Description of problem: ======================= Seeing error "Failed to get the total number of files. Unable to estimate time to complete rebalance" in rebalance logs Version-Release number of selected component (if applicable): 3.8.4-24.el7rhgs.x86_64 How reproducible: 1/1 Steps to Reproduce: =================== 1) Create a distributed-replicate volume and start it. 2) FUSE mount on a client. 3) Add few bricks and start rebalance. (This error is seen during remove-brick as well) Note: This error says it is unable to estimate the time to complete rebalance but we are able to see the rebalance estimate time during add-brick or remove-brick rebalance. Actual results: =============== Seeing error "Failed to get the total number of files. Unable to estimate time to complete rebalance" in rebalance logs Expected results: ================= We should not see error "Failed to get the total number of files. Unable to estimate time to complete rebalance" in rebalance logs.

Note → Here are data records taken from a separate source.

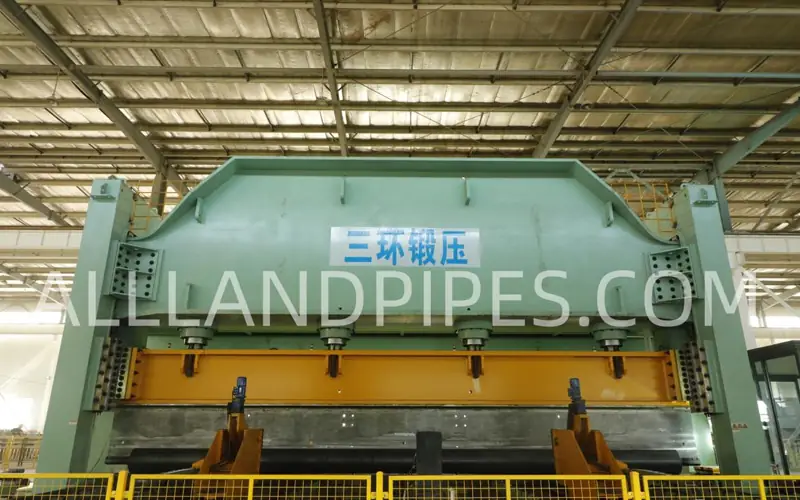 Front view of a large JCOE forming press inside a factory, used for bending steel plates in the LSAW pipe manufacturing process.banner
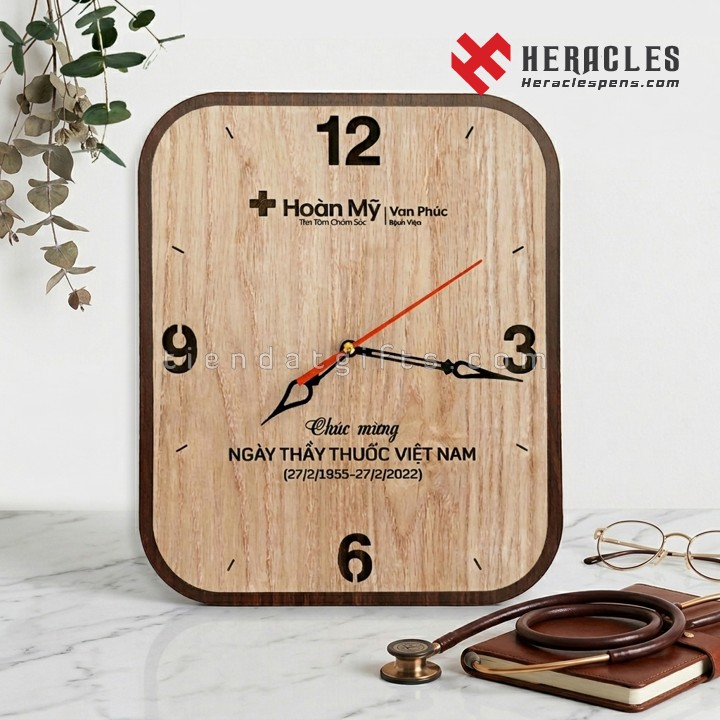 Đồng hồ gỗ treo tường in logo Bệnh viện Hoàn Mỹ Vạn Phúc chúc mừng Ngày Thầy thuốc Việt Nam cao cấp thiết kế hình chữ nhật bo góc tinh tế làm quà tặng.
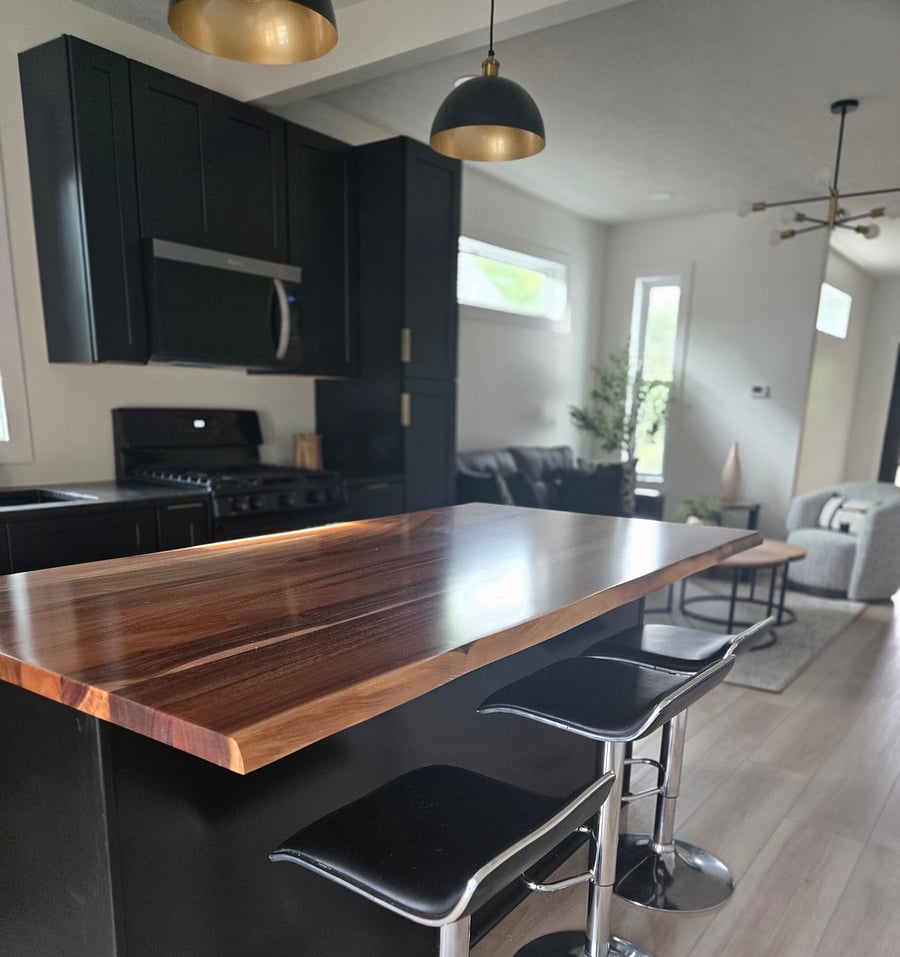 kitchen island with 4 bar stools with beautiful wood counter top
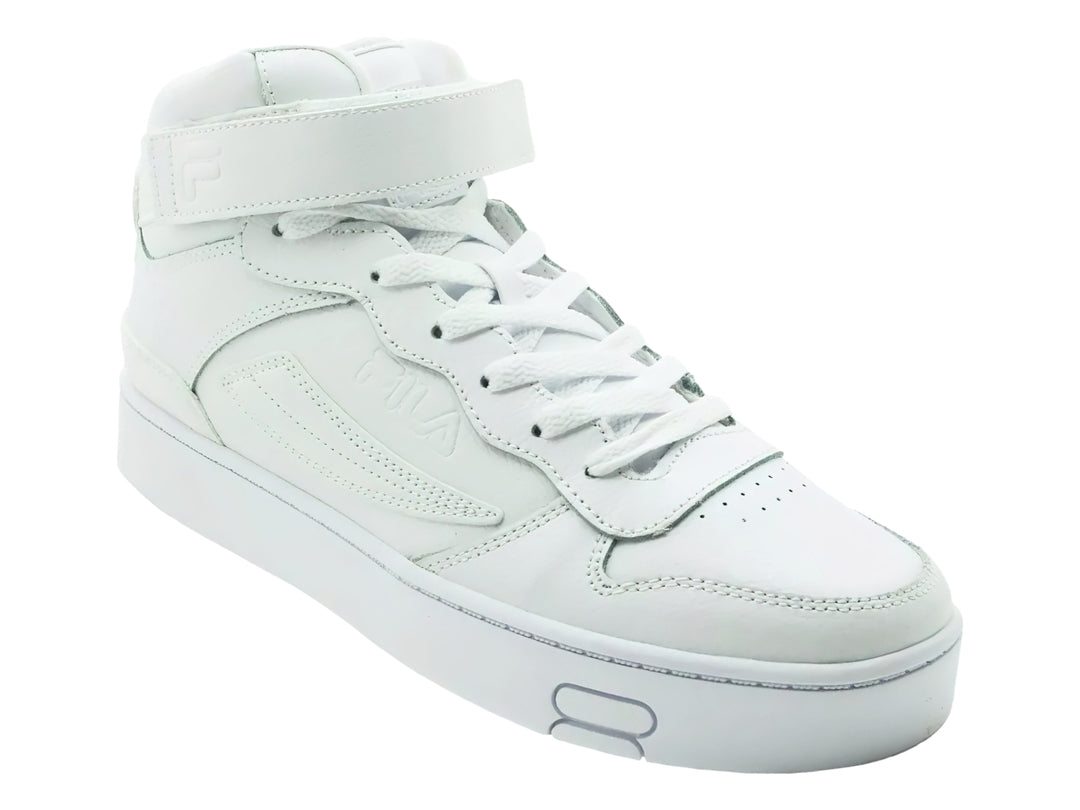 Tenis FILA MGX-100 Mid en color blanco total con correa de velcro y suela ancha.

This is a bug: In dht-rebalance.c: ret = gf_defrag_total_file_cnt (this, &loc); if (!ret) { gf_msg (this->name, GF_LOG_ERROR, 0, 0, "Failed to get " "the total number of files. Unable to estimate " "time to complete rebalance."); } This should be if (ret) { ... }
REVIEW: https://review.gluster.org/17197 (cluster/dht Fix ret check) posted (#1) for review on master by N Balachandran (nbalacha)
Verified this BZ on glusterfs version 3.8.4-27.el7rhgs.x86_64. After the fix, we are not seeing errors "Failed to get the total number of files. Unable to estimate time to complete rebalance" in rebalance logs.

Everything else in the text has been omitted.